There by th’vncertaine glims of starry night,

And by the twinkling of their sacred fire,

He mote perceiue a litle dawning sight…

Edmund Spenser

The Faerie Queene

They thanked Gloria for her time and her honesty. Having bidden her goodbye, Strike and Robin sat at the partners’ desk, each of them sunk in thought, until Strike offered Robin one of the pots of dehydrated noodles he kept for snacks in the office. She declined, instead taking a bag of mixed nuts unenthusiastically out of her bag, and opening it. Once Strike had added boiling water to the plastic pot, he returned to the desk, stirring the noodles with a fork.

“It’s the efficiency,” he said, sitting down again. “That’s what’s bugging me. Literally no trace of her anywhere. Somebody was either extraordinarily clever, or unprecedentedly lucky. And Creed still fits that picture best, with Luca Ricci a close second.”

“Except it can’t have been Luca. He’s got an alibi: Gloria.”

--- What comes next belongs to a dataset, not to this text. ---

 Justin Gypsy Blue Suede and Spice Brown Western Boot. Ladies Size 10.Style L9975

“But as she says, he knew people who could take care of making someone disappear—because what are the odds, if Margot was abducted off the street, that this was a truly one-person job? Even Creed had his unwitting accomplices. The dozy landlady, giving him that safe basement, and the dry cleaner letting him have the van that day and n—”

“Don’t,” said Robin sharply.

“Don’t what?”

“Blame them.”

“I’m not blaming them, I’m—”

“Max and I were talking about this,” said Robin. “About the way people—women, usually—get blamed for not knowing, or seeing—but everyone’s guilty of that kind of bias. Everyone does it.”

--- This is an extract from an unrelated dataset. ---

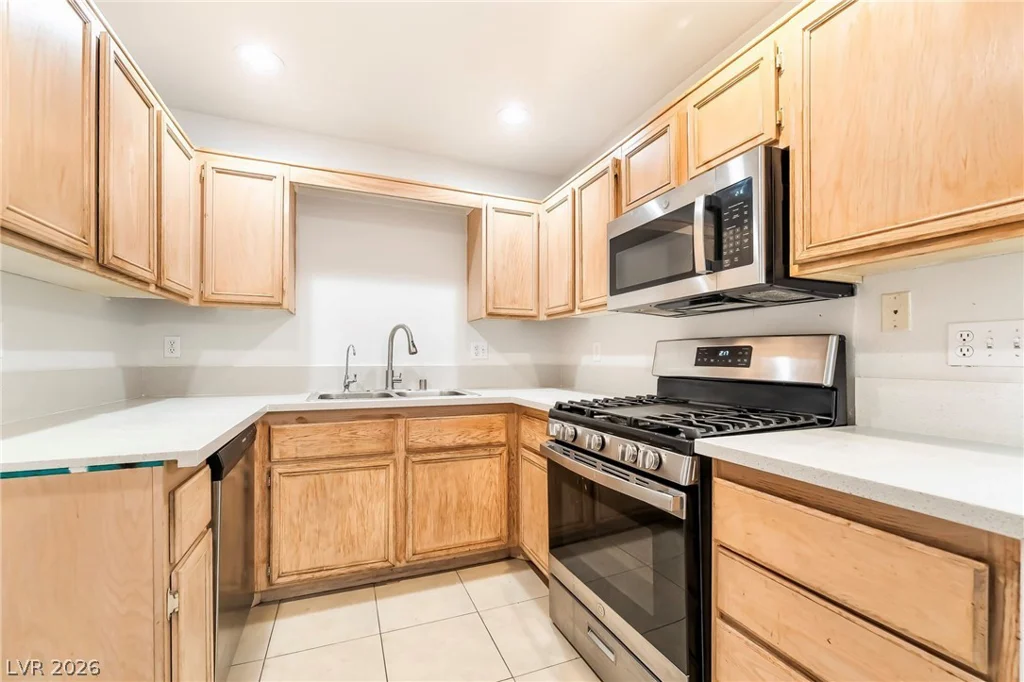 5621 Lago, Las Vegas, NV 89118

“You think?” said Strike thickly, through his first mouthful of noodles.

“Yes,” said Robin. “We’ve all got a tendency to generalize from our own past experiences. Look at Violet Cooper. She thought she knew who Creed really was, because she’d met a couple of men who behaved like him, in her theater days.”

“Men who wouldn’t let anyone in their basement flats because they were boiling down skulls?”

“You know what I mean, Strike,” said Robin, refusing to be amused. “Soft-spoken, apparently gentle, slightly feminine. Creed liked putting on her feather boa, and he pretended to like show tunes, so she thought he was a gay man. But if the only gay man she’d met had been Max, my flatmate…”

“He’s gay, is he?” said Strike, whose memories of Max were indistinct.

“Yes, and he isn’t remotely camp, and hates musicals. Come to that, if she’d met a couple of Matt’s straight mates down the rugby club, who couldn’t wait to shove oranges up their T-shirts and prance around, she might’ve drawn a different conclusion, mightn’t she?”

“S’pose so,” said Strike, chewing noodles and considering this point. “And in fairness, most people don’t know any serial killers.”

“Exactly. So even if somebody’s got some unusual habits, our direct experience tends to suggest they’re just eccentric. Vi had never met a man who fetishised women’s clothing or… sorry, I’m boring you,” Robin added, because Strike’s eyes seemed to have glazed over.

“No, you aren’t,” he muttered. “You’re actually making me think… I had an idea, you know. I thought I’d spotted some coinci­dences, and it got me wondering…”

He set down the pot of noodles, reached under the desk and pulled one of the boxes of police evidence toward him, on top of which lay the pages he’d last been re-examining. He now took these bits of paper out, spread them in front of himself again, and resumed his noodle-eating.

“Are you going to tell me about the coincidences?” said Robin with a trace of impatience.

“Hang on a minute,” said Strike, looking up at her. “Why was Theo standing outside the phone box?”

“What?” said Robin, confused.

“I don’t think we can doubt, now, can we, that Ruby Elliot saw Theo by that phone box near Albemarle Way? Her description and Gloria’s tally exactly… so why was Theo standing outside the phone box?”

“She was waiting for the van to pick her up.”

“Right. But, not to state the bleeding obvious, the sides of the old red telephone boxes have windows. It was pissing down with rain. Theo didn’t have an umbrella, and Ruby said Theo’s hair was plastered down—so why didn’t she shelter in the telephone box, and keep watch for her lift? Clerkenwell Road’s long and straight. She’d’ve had a perfectly good view from that telephone box, and plenty of time to come out and show herself to the van driver. Why,” said Strike for the third time, “was she standing outside the phone box?”